Let op: de website is verhuisd naar fritsvanderwaa.nl

de Volkskrant van 22-12-1997, Pagina 10, Kunst, recensie

Maria-mis van Machaut vlamt als middeleeuws houtsnijwerk

Messe de Notre Dame, van Guilaume de Machaut door het Ensemble Gilles Binchois. 19 december, Catharinakerk, Utrecht.

Het blijft een wonder dat componisten twee, drie eeuwen lang de meest schitterende muziek hebben geschreven waar geen ander instrument aan te pas kwam dan een viertal stemmen. Een van de prachtigste werken uit deze vocale traditie is tevens het oudste. Bijna zeshonderdvijftig jaar geleden componeerde Guillaume de Machaut zijn Messe de Notre Dame.

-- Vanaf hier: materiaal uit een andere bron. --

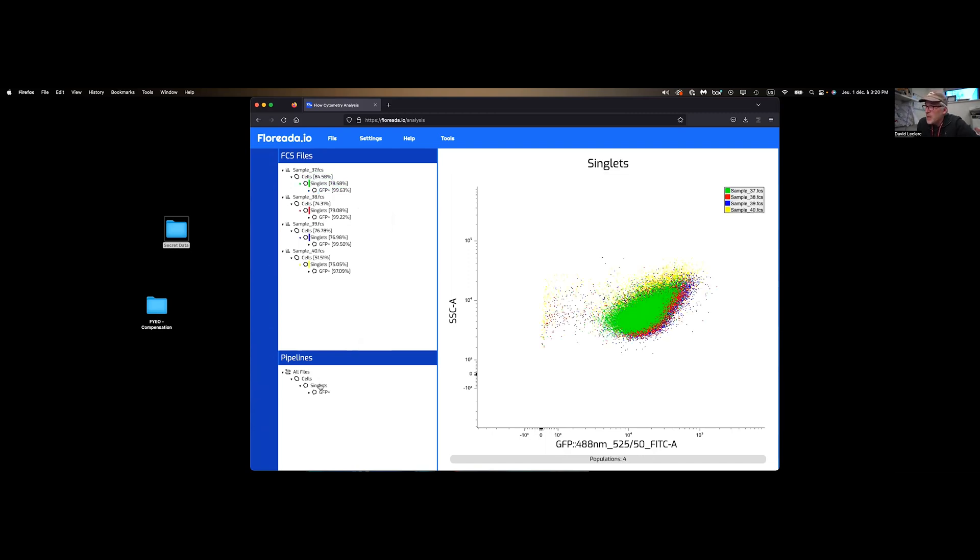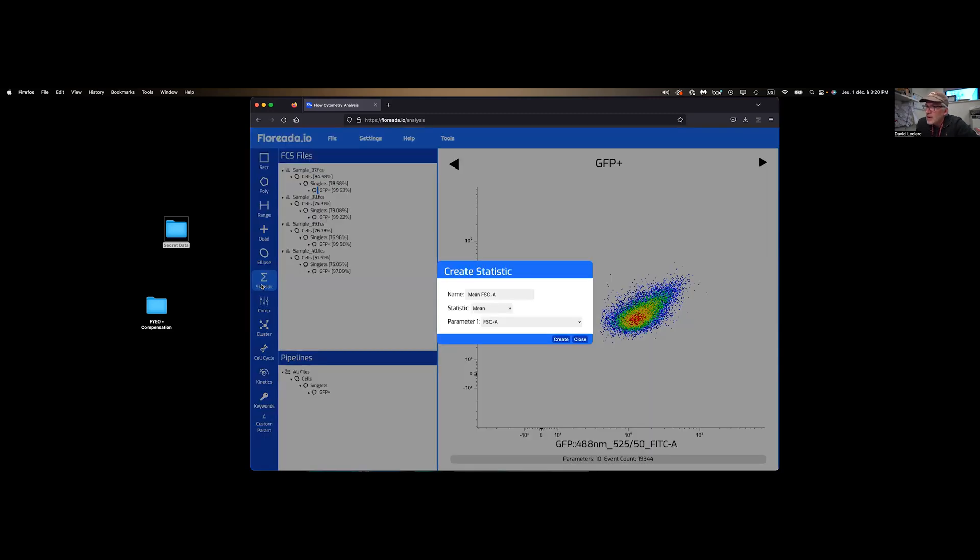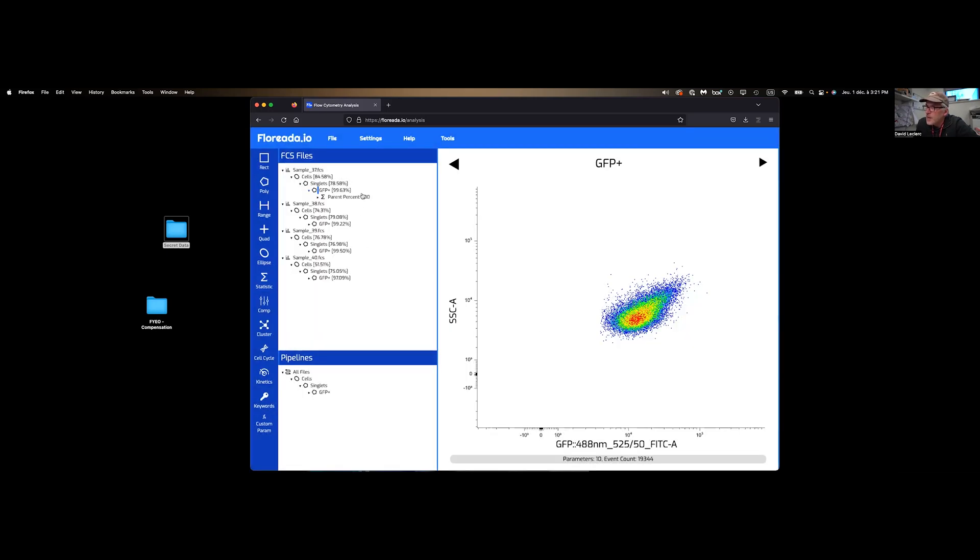And now my analysis is more or less done. The last thing I want to do is add a statistic. And so, for example, in this case, we want the percentage of the parent gate. And we're going to apply that to all my samples as well. So I'll explain why I need that.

Machauts Mis is een monumentaal werk, dat met zijn vierstemmigheid en grote samenhang tussen de verschillende delen zijn tijd ver vooruit was. De kans om getroffen te worden door deze muziek doet zich heaas maar zelden voor. Er zijn, ook internationaal gezien, maar weinig ensembles die zich toeleggen op de ècht oude muziek. Dat het Franse Ensemble Gilles Binchois de Messe de Notre Dame de afgelopen week vier maal ten gehore bracht als 'kerstconcert' in het Netwerk voor Oude Muziek was dan ook een bijzondere gebeurtenis, temeer daar de uitvoering van een zeer hoog niveau was.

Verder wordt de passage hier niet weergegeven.